I noticed that in the case when a network becomes available again, but when the modem registration status is sticking to anything but home, a manual cycle of Cellular_RFoff(), pause and Cellular_RFon() quickly reregisters the modem to the network. Without doing this, it can take a really long time (>30mins) before the modem re-registers itself.
So I implemented a mechanism that starts a timer when the RegisterUrcNetworkRegistrationEventCallback is triggered and the reported connection is not home. When the timer expires after a short while, a check is performed on the registration status and if it is still not home, a cycle of Cellular_RFoff()-pause(1s)-CellularRFon() is performed.
If there is reception again, the Cellular_RFon() will then quickly result in a state change to REGISTRATION_STATUS_REGISTERED_HOME.

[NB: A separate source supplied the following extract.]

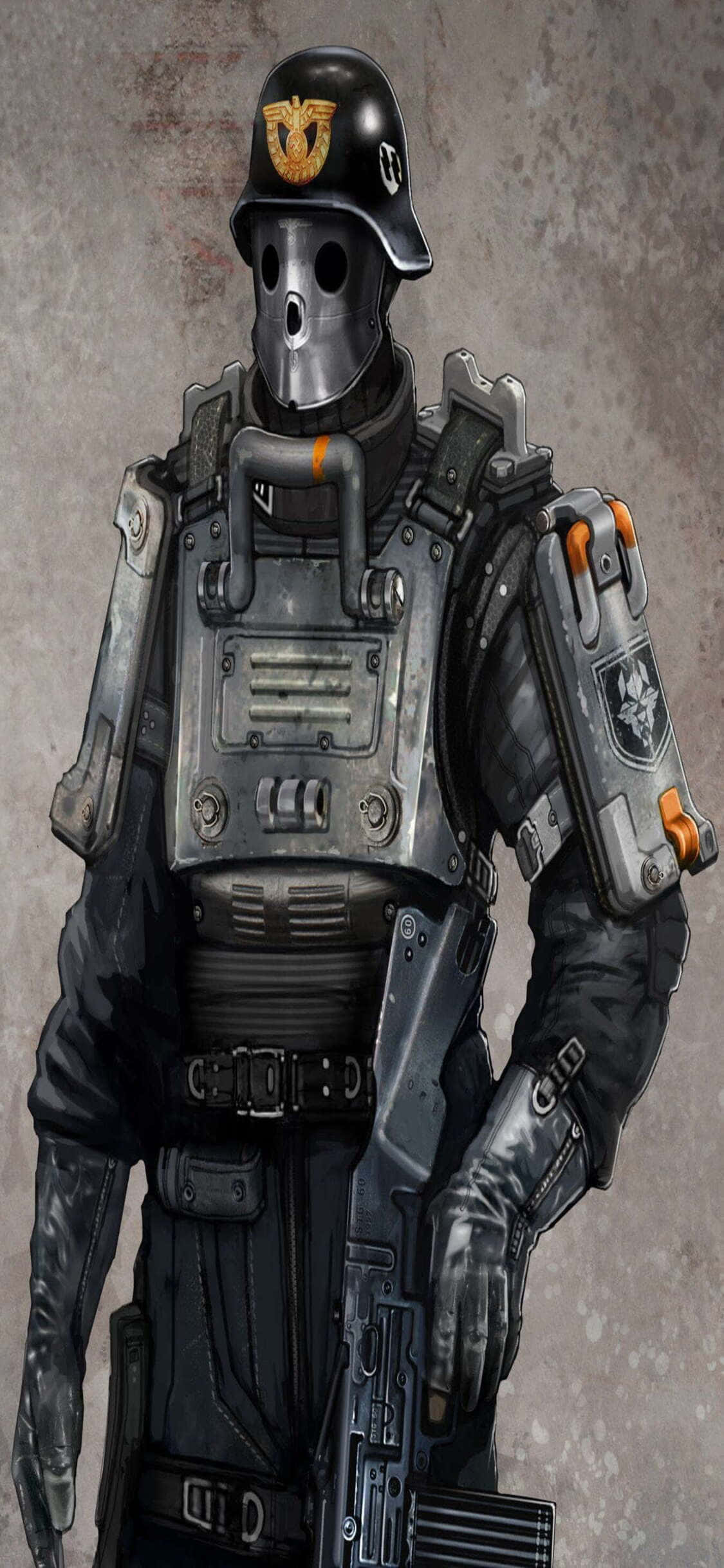 Gereed vir 'n speletjie-avontuur met 'n iPhone Xs en Wolfenstein II? Muurpapier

I also implemented a flag representing the registration status. Whenever the MQTTAgent returns an error the flag is raised, it also kicks off the timer which forces the re-registration. The flag is only lowered when the network state returns to REGISTRATION_STATUS_REGISTERED_HOME.

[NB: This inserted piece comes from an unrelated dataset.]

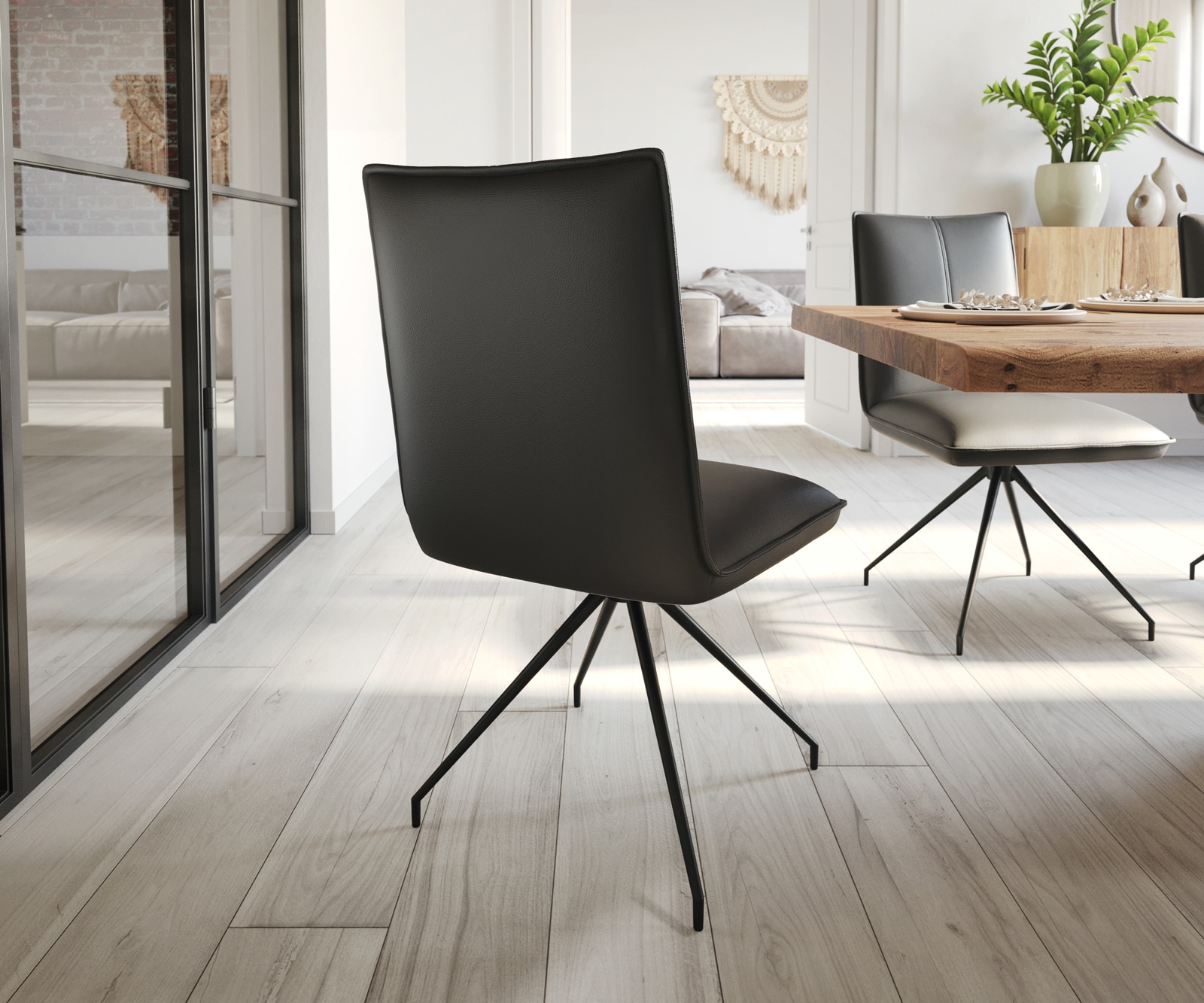 Chaise-de-salle-à-manger Lelio-Flex cuir de vache noir pied croisé conique noir ressorts ensachés 4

This flag is then in turn used to halt any socketconnect() calls, so when socketconnect() is called the function first waits for the right network state before attempting to connect the socket.
I have tested this mechanism in the scenario where halfway during an OTA job, I remove the antenna, simulating bad reception, and this works. The OTADemo then suspends the OTA Agent and disconnects the socket, waits for the network re-registration, makes a new TLS socket and resumes the agent successfully, leading to a successful OTA update.
There are still some other scenarios I need to test, for instance when the connection drops during different moments in the TLS setup after the socket is connected, so I’m not 100% sure yet this is the final solution.
I do feel like what I came up with is a bodged solution for a fundamental core problem that should have already been addressed in the libraries I’m using.
Any opinions here on this?